- [Data section]:

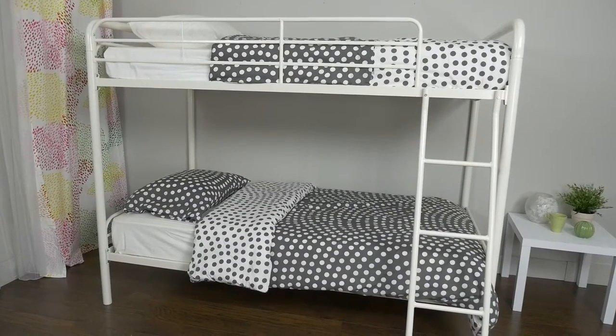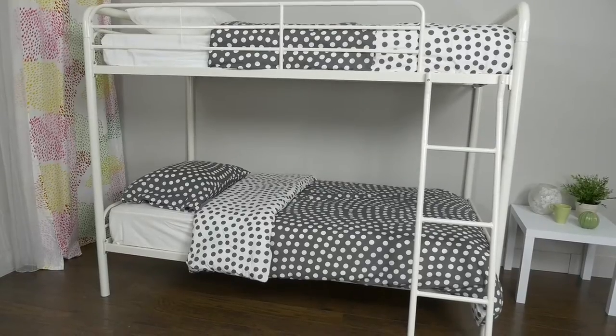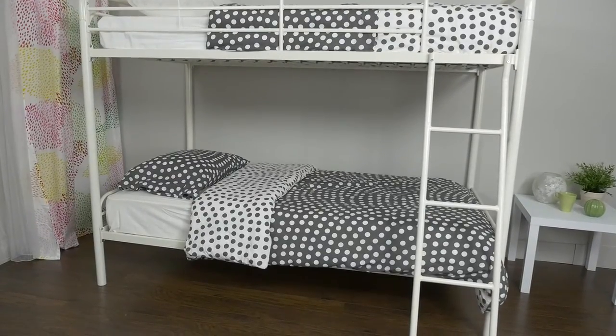The DHP Twin Over Twin Metal Bunk Bed is sleek in design as it is functional, making this the perfect addition for your kids' bedroom.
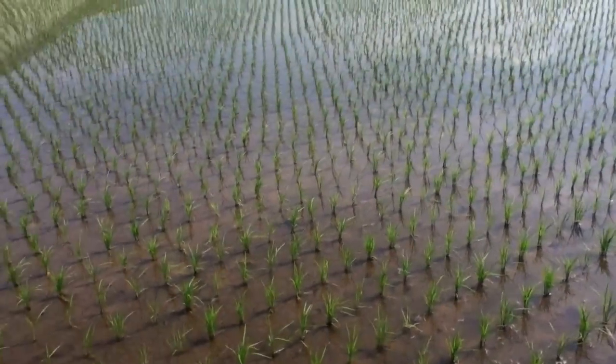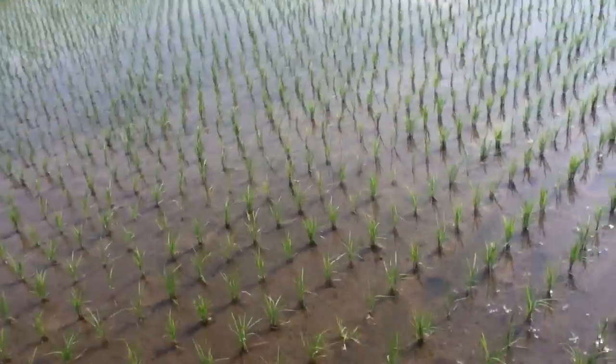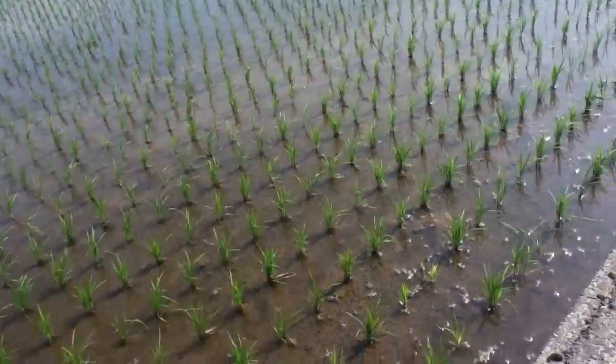So that's rice planting for you — taking care of the rice one grain at a time.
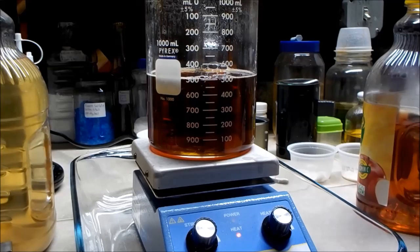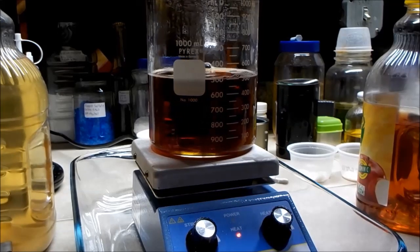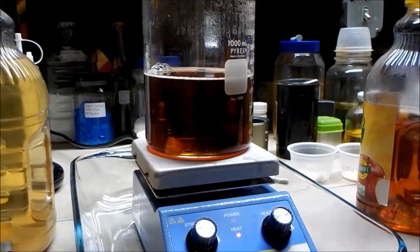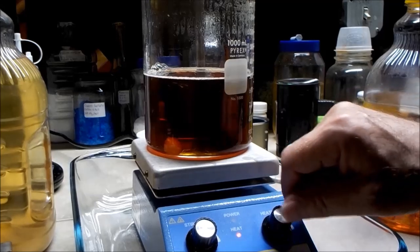It's reduced down to about 500 milliliters again and I'm noticing that there are some crystals that have formed — tiny needle-like ones floating around in there; the camera may not be able to see them. At this point I'm going to turn off the heat, let it cool down, and see what crystals may form when it cools.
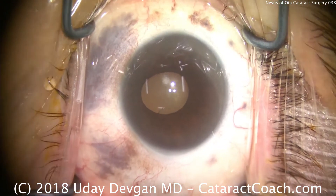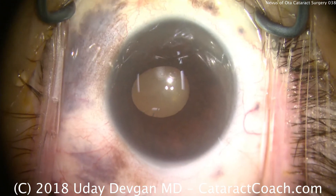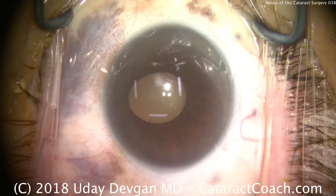This patient has the nevus of Ota — skin pigmentation changes, as well as hyperpigmented lesions on the sclera.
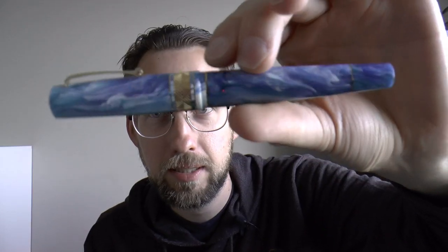Hey there, today it's S.B.R.E. Brown with the Dutch Pen Show. If you've ever spoken to a Dutch person in English, you know what this sounds like. Okay, just saying — now let's continue in my normal and obnoxious fashion.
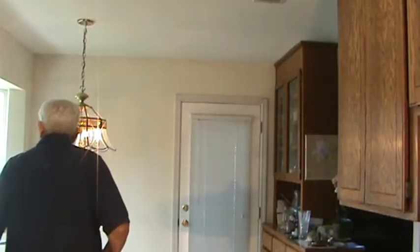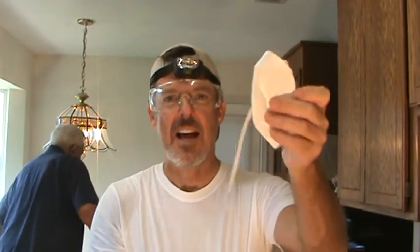I did forget one more thing — the trusty dust mask. I had a brand new one but the string pulled off, so luckily I saved my old one. Dust masks really come in handy, especially when you're up in the attic. Don't forget yours.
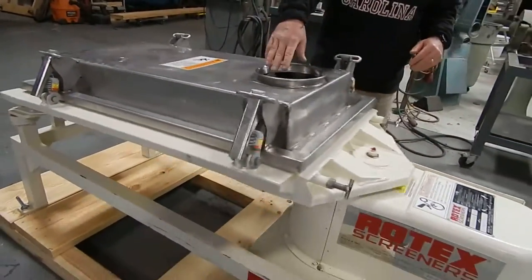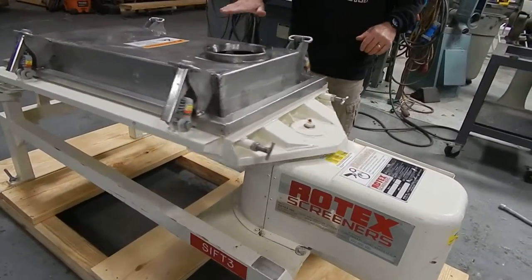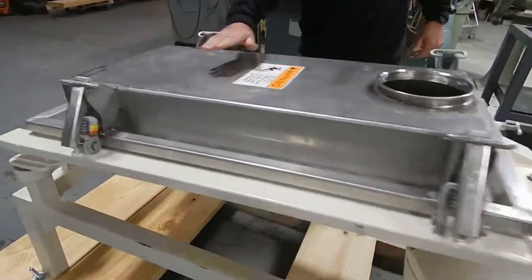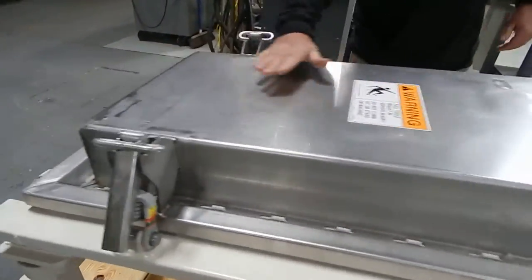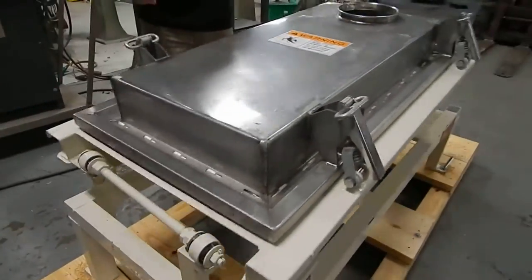So as material enters the sifter, there's a small baffle plate in here that directs material to both sides. You get this kind of left-right circular elliptical movement, and then as it reaches the base here, you see it's more of an up-and-down movement. It kind of helps assist discharge a little more efficiently and a little faster.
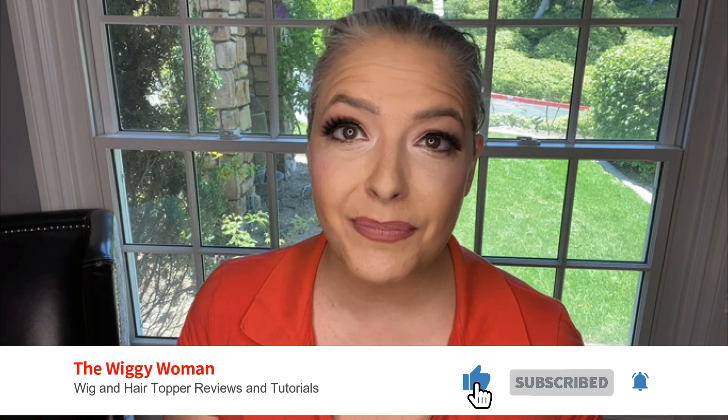Welcome to the Wiggy Women, where I give you wig and hair topper reviews and tutorials to help you have the easiest path forward on your hair loss journey. Today I'm going to be walking you through how I secure my lace front wigs with Got2b Glued gel. I recently posted a video of me testing wigs on roller coasters and got a lot of comments asking how I secured my wig for so much intense activity — going upside down, doing water rides, high rates of speed — and that wig stayed put all day long.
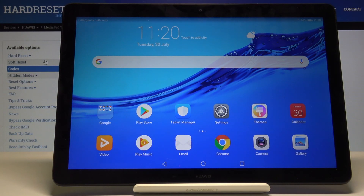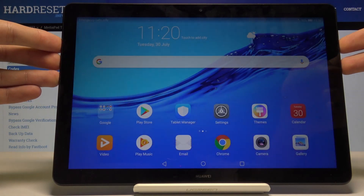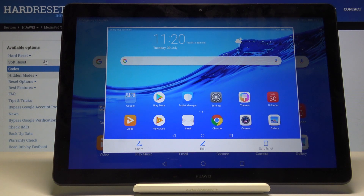Welcome! This is a Huawei MediaPad T5 and today I will show you how to take a screenshot on this device. Once you find the content you want to capture, all you need to do is simply hold the power key and volume down simultaneously and you get this image.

- [Problem details]:
Please set down only the lines from the first line of the records above through the line that has "This patient has", exactly, and not the pictures.

- [Task output]:
The DHP Twin Over Twin Metal Bunk Bed is sleek in design as it is functional, making this the perfect addition for your kids' bedroom.
So that's rice planting for you — taking care of the rice one grain at a time.
It's reduced down to about 500 milliliters again and I'm noticing that there are some crystals that have formed — tiny needle-like ones floating around in there; the camera may not be able to see them. At this point I'm going to turn off the heat, let it cool down, and see what crystals may form when it cools.
This patient has the nevus of Ota — skin pigmentation changes, as well as hyperpigmented lesions on the sclera.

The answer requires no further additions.